I think that in today’s sad and dark world, many people will have difficulty in believing in the real Jack. He was a man who had grown up with the thinking of the 19th century. He believed in honesty, personal responsibility, commitment, duty, courtesy, courage, chivalry and all those great qualities that society in its wisdom dispensed within the 20th century on the grounds that they were somehow outdated, and now needs so desperately to recall and recover. Jack also had come to understand a great deal about humanity and the nature of the species. He was no stranger to suffering: he lost his own mother at the age of nine, and experienced the horrors of one school that was Dickensian to say the least, and others of varying degrees of worth. Jack had fought in the First World War, and lived through the second one, losing friends and colleagues in both. He lived out his eve-of-battle commitment to fellow soldier Paddy Moore, taking care of that man’s family for more than 30 years. Jack had learned to love and to lose, and had suffered the agonies of both. No one could have blamed him had he closed himself off and become (as he is often depicted) an isolated scholar surrounded by cloisters. Instead, released from his burden of caring for Mrs. Moore after her death, he plunged once more into love and pain by marrying my mother, who was already dying at the time. He faced the pain of loving one whom he knew was unlikely to be with him very long, and also took on the responsibility for her sons, my brother and myself. Not an easy task under the best of circumstances, but under those with which he was faced, a task for a veritable hero.

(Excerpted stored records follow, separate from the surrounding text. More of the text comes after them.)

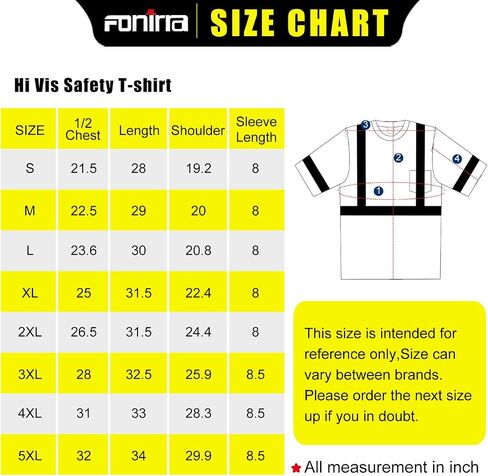 FONIRRA 3 Pack Safety Reflective High Visibility Shirt for Men Hi Vis Construction Work Shirts with Short Sleeve_ in Saudi Arabia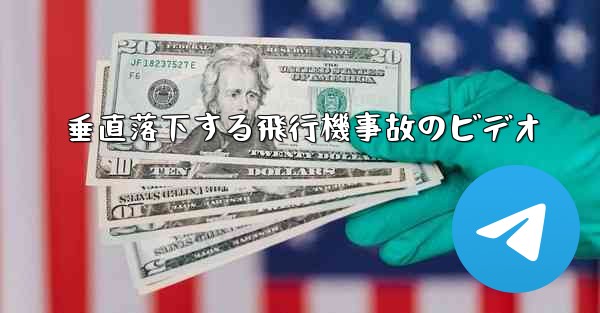 垂直落下する飛行機事故のビデオ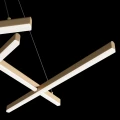 Lampa wisząca LINE MOD016PL-L75MG3K złota wys.5.5cm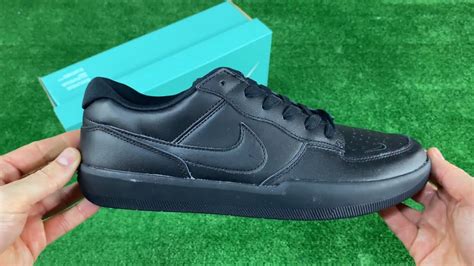 Nike SB Force 58 PREMIUM - Black 2021 - Unboxing + on feet - YouTube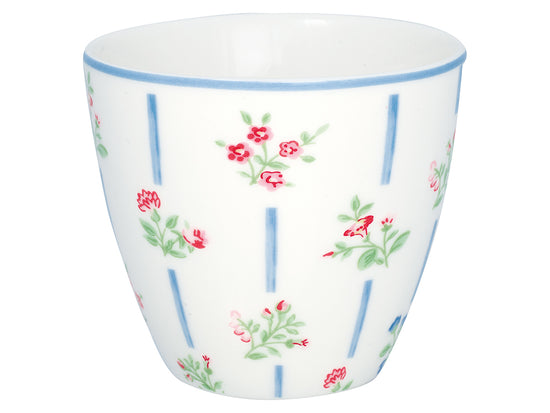 Stoneware Latte cup Hannah white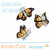 Monarch Butterfly Digital Stamp Set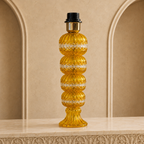 Amber Murano Glass Table Lamp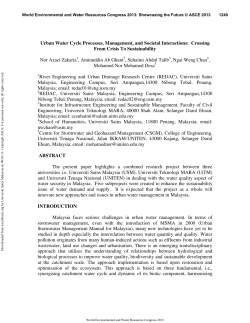 Urban Water Cycle Processes, Management, and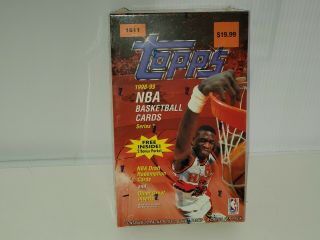 1998 - 99 Topps Nba Basketball Series 1 Factory Hobby Box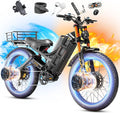eAhora 2026 Romeo Pro3/2 50/46Mph Ebike 5600/4000W Dual Motor 200+Miles Electric Bike for Adults, 52V/70Ah 60V/80Ah Long Range 26 * 4.0" Fat Tire Full Suspension Electric Mountain Bike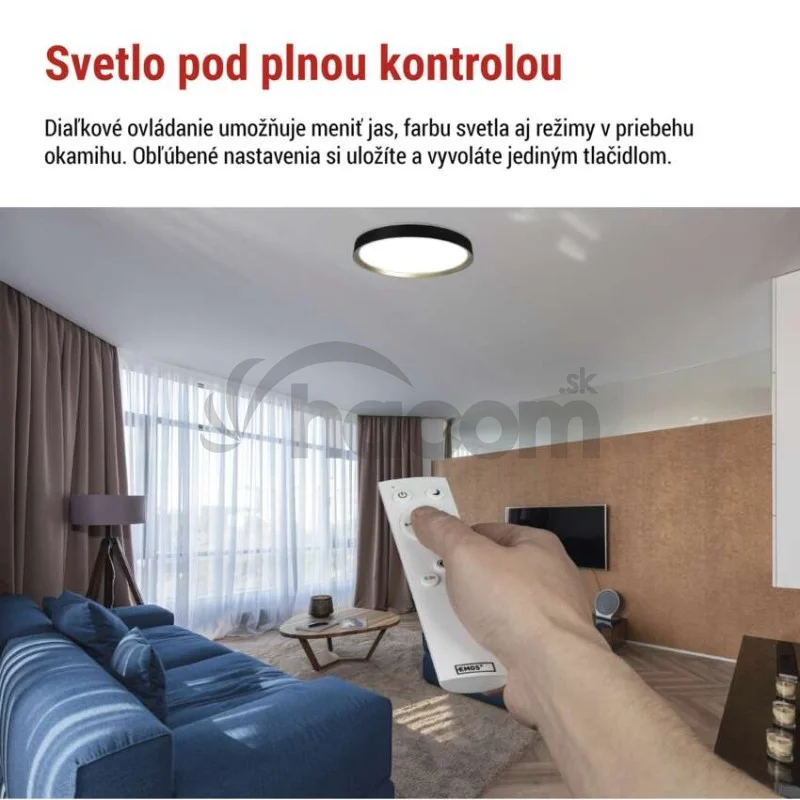 LED nástenné svietidlo ILVI, kruhové 45 W, stmievanie + CCT, čierna + šampanská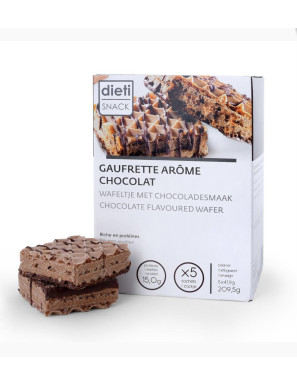 Dietisnack wafer proteico gusto cioccolato per il controllo del peso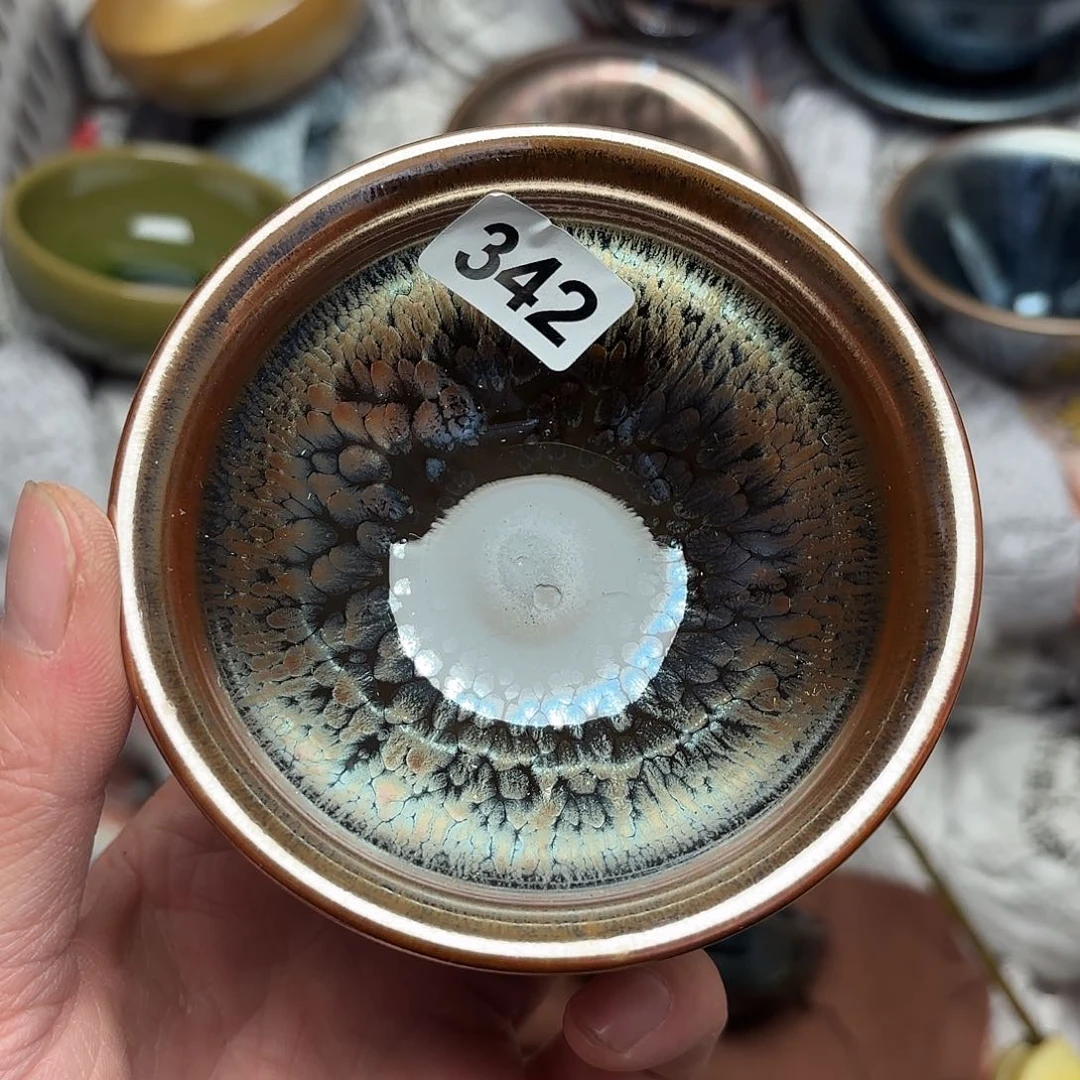 茶盏建盏主人杯一只微瑕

Douglas and C.S. LewisMy mother was an American, and had come to the truth of Christ through reading Jack’s Mere Christianity and his other works. She had written to him with her questions, for all highly intelligent people had questions. And she was delighted when he dealt with her questions and objections in masterful and economic style, and a lively correspondence soon grew up. Mother visited England in 1952, and she, Jack, and Warnie were soon fast friends. Mother was intellectually Jack’s equal, the only one I have ever met, and Jack was delighted when, as they debated and sparred, she would correct him in some minor error of quotation or detail. Mother was slightly more widely read than Jack, for she had read what he had read but also the more modern American writers. She also had travelled further, having been to America and returned to England with her progeny in 1953 when her marriage to my father ended. Jack and she married at her deathbed but the hand of God intervened and she rallied, going into a remission of several years, when they had the happiest years of their lives. It was during this time that the physical courage they both possessed was made evident to me. We were walking up the hill into the woods, my mother carrying her little “garden gun”, which she used to scare pigeons off our vegetables and trespassers out of our woods, when the two of them, some distance ahead of me, were accosted by a young man with a bow and a quiver of arrows. “Excuse me,” said Jack politely, “this is private land and you really shouldn’t be here. Would you please leave?” The young man’s response was to nock an arrow to the string and draw the bow, pointing it at them. Jack stepped in front of my mother to shield her, and stood there for a few seconds until he heard her say, in tones of chilled steel: “God damn it, Jack, get out of my line of fire!” Whereupon Jack stepped swiftly sideways, leaving the young man staring down the barrel of a gun. He took off rapidly. They were brave, and Jack thereafter needed to be, for Mother went on before him, leaving him alone to deal with her absence.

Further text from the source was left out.